Watching “Slacker Uprising,” Michael Moore’s documentary about his admittedly failed attempt, five weeks before the 2004 election, to mobilize young voters to vote (and vote, not so much for Democratic candidate John Kerry, but against President George W. Bush) is unpleasant — but I think that’s a good thing. There are always those who urge decency and condemn dirty tactics in an election. This time, in 2008, it feels like it’s working. Which means we’re learning.

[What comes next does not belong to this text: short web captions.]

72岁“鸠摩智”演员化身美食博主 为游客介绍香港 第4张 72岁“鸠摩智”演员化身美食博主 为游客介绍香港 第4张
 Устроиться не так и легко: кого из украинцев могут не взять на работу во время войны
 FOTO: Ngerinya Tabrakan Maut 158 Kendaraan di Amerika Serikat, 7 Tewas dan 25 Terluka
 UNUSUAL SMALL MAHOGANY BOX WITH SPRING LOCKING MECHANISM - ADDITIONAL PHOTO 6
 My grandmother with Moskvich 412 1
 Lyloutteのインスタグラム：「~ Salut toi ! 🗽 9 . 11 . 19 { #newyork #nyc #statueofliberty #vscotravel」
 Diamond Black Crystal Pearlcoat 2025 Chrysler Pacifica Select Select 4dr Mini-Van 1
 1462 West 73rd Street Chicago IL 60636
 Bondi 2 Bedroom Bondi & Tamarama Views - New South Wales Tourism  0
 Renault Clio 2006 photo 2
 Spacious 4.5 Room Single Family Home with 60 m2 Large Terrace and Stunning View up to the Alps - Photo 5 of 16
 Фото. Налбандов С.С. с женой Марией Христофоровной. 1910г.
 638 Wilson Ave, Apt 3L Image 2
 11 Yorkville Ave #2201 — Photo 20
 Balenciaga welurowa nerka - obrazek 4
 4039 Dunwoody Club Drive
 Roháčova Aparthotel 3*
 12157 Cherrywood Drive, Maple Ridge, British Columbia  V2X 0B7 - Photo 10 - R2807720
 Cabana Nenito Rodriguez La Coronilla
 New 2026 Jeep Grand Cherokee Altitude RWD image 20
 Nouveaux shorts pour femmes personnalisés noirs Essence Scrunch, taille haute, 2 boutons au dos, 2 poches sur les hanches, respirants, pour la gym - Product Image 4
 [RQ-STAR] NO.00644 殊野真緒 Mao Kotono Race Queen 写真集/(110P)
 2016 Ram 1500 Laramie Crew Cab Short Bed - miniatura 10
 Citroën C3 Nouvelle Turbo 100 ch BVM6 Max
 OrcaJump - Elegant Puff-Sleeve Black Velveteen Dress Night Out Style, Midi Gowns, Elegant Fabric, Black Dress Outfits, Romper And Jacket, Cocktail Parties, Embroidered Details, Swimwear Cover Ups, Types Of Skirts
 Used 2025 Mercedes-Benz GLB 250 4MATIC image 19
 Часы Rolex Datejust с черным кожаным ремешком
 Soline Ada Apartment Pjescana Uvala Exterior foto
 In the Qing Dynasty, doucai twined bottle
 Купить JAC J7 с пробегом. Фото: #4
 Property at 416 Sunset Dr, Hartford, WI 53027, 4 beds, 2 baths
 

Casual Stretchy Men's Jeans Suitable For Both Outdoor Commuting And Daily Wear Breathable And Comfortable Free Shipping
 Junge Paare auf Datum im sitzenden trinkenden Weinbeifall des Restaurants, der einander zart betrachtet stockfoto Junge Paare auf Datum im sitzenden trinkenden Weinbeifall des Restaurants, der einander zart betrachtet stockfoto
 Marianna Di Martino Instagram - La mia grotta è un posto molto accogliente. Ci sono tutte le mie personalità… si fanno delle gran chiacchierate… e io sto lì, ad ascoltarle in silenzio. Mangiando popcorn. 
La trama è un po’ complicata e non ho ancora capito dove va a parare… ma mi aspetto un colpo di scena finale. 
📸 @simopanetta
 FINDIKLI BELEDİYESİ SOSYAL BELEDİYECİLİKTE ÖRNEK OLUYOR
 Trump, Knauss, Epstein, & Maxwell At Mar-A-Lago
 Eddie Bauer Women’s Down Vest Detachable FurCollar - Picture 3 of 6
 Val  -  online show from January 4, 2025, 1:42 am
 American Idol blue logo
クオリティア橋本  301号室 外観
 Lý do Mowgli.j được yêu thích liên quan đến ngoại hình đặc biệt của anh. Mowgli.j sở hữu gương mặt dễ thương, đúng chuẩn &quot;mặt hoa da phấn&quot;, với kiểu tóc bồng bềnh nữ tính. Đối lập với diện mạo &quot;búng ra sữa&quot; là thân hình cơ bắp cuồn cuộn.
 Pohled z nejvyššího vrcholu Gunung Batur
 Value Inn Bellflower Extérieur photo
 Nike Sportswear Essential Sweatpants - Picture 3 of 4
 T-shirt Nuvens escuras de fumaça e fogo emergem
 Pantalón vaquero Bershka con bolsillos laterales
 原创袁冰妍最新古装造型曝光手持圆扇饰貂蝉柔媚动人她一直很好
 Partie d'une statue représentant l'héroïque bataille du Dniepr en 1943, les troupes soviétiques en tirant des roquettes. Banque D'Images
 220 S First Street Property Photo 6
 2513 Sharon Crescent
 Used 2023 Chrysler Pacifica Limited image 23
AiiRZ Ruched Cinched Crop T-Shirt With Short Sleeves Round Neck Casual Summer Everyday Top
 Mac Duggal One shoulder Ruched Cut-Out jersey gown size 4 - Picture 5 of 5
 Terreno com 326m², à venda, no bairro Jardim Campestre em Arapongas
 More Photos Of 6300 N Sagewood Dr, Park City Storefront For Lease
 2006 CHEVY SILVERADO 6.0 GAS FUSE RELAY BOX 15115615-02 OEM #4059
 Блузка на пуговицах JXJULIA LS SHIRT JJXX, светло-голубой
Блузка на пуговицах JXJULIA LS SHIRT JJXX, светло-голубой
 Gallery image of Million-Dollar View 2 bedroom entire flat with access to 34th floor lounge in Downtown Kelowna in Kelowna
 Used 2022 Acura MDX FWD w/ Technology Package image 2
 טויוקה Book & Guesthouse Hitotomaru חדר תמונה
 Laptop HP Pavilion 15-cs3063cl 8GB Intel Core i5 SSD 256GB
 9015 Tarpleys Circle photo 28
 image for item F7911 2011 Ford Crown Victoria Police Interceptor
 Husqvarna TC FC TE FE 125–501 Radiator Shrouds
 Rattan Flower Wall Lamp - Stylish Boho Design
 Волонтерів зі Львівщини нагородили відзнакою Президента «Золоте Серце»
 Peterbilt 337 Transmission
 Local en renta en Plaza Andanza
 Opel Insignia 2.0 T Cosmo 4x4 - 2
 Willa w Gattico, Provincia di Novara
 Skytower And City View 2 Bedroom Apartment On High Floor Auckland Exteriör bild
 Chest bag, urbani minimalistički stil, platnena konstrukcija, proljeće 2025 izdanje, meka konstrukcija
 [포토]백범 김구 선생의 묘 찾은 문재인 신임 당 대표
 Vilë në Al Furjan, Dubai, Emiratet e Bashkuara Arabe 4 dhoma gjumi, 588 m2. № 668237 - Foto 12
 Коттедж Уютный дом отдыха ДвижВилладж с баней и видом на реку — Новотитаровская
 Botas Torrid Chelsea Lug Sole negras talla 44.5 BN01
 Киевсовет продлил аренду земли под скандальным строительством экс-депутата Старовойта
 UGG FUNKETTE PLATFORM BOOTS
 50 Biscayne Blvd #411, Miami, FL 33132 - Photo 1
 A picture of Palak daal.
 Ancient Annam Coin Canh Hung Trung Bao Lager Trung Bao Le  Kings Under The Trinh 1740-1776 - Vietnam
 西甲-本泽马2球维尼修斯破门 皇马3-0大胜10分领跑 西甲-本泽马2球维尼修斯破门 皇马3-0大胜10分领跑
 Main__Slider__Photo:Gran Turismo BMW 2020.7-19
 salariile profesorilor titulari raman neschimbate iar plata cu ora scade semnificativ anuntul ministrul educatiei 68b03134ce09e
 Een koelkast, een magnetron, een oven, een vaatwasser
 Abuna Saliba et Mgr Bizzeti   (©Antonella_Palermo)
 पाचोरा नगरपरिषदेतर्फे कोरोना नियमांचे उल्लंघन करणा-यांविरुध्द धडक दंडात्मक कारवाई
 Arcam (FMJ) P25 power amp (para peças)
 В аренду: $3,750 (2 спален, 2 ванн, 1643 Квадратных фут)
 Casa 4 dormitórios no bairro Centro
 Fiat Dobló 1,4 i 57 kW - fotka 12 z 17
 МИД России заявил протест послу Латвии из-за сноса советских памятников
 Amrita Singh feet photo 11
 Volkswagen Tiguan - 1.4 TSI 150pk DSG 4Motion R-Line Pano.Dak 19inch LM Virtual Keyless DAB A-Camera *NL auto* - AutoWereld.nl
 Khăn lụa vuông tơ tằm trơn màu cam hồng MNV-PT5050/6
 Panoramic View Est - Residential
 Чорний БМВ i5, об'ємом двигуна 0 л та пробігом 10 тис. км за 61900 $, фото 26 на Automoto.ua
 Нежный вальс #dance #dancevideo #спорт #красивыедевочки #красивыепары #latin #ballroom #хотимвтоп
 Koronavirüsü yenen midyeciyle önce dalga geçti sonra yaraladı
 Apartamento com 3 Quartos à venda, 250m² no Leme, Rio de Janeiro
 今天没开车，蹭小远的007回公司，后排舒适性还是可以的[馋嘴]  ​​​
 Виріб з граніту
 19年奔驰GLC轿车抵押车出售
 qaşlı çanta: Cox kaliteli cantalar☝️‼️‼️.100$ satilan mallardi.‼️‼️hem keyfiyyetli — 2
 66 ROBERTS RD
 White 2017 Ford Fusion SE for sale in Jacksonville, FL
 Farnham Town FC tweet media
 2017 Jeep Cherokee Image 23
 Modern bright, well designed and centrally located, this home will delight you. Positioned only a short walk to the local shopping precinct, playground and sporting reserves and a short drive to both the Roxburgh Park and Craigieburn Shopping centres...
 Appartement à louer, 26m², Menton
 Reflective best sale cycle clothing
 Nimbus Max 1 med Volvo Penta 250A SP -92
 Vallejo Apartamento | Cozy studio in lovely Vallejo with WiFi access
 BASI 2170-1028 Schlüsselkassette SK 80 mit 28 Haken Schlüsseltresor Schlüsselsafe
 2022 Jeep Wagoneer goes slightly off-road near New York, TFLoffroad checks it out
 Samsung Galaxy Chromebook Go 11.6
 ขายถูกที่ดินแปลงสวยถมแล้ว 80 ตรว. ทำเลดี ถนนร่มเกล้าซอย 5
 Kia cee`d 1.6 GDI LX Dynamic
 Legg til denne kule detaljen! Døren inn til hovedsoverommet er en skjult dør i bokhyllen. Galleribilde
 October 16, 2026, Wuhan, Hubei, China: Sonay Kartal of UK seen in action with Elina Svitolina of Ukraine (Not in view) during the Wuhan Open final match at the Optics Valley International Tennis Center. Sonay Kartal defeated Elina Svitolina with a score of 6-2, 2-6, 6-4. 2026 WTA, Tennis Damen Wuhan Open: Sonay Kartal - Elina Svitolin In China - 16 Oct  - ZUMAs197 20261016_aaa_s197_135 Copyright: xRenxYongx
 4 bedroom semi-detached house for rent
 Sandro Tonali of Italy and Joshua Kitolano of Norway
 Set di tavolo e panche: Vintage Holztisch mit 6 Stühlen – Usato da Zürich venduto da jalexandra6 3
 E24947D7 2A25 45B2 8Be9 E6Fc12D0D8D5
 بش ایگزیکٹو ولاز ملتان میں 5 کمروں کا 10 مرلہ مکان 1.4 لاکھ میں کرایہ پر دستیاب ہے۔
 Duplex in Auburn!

But in Michael Moore’s 2004, almost everyone looks bad (and the sound quality is often wretched). Joan Baez looks naive when she calls Moore “the most eloquent” and “compassionate” man in the contest. She’s deluded; it’s snarky, politics-as-usual in this movie. Moore leers at a group of West Virginia protesters that they, Republicans, are “deviant” and refers to Democrats as being “stranded” in Utah. Eddie Vedder sneers, “who the f*** is going to volunteer?” for the military. (Maybe he should ask someone who wants to defend their friends, get out of a small town, or dream of college.) Roseanne guffaws that Christians all dig shooting abortion doctors. Moore seems to hold his worst lashings for members of the media, saying not a single one did their job in questioning the Iraq war. He should ask the folks at Knight Ridder, the ones who wrote the Sept. 6, 2002 headline, “Lack of hard evidence of Iraqi weapons worries top U.S. officials.” Or he could ask CBS’s Lara Logan about that; the embedded journalist would have him in tears faster than you can say Waziristan.
Way to rise above the name-calling. Way to focus on the issues. Way to get us to put down the tug-of-war rope and unite. Divisiveness didn’t work then. It doesn’t do us any good to giggle at stumbling,
man-on-the-street Republican interviews — or to call Moore the anti-christ.
There’s a way to mobilize people with negativity. Michael Moore is hardly the biggest culprit in that arena. “Slacker Uprising,” at least, showed us that vilification, a well trod road (why do you think
they call it mud-slinging?), has turned into an impassible rut. For every one. In every party. Maybe this year we’ll stop spinning our wheels — and pave the road together.
Ashley O’Dell writes about movies that aren’t in theaters anymore.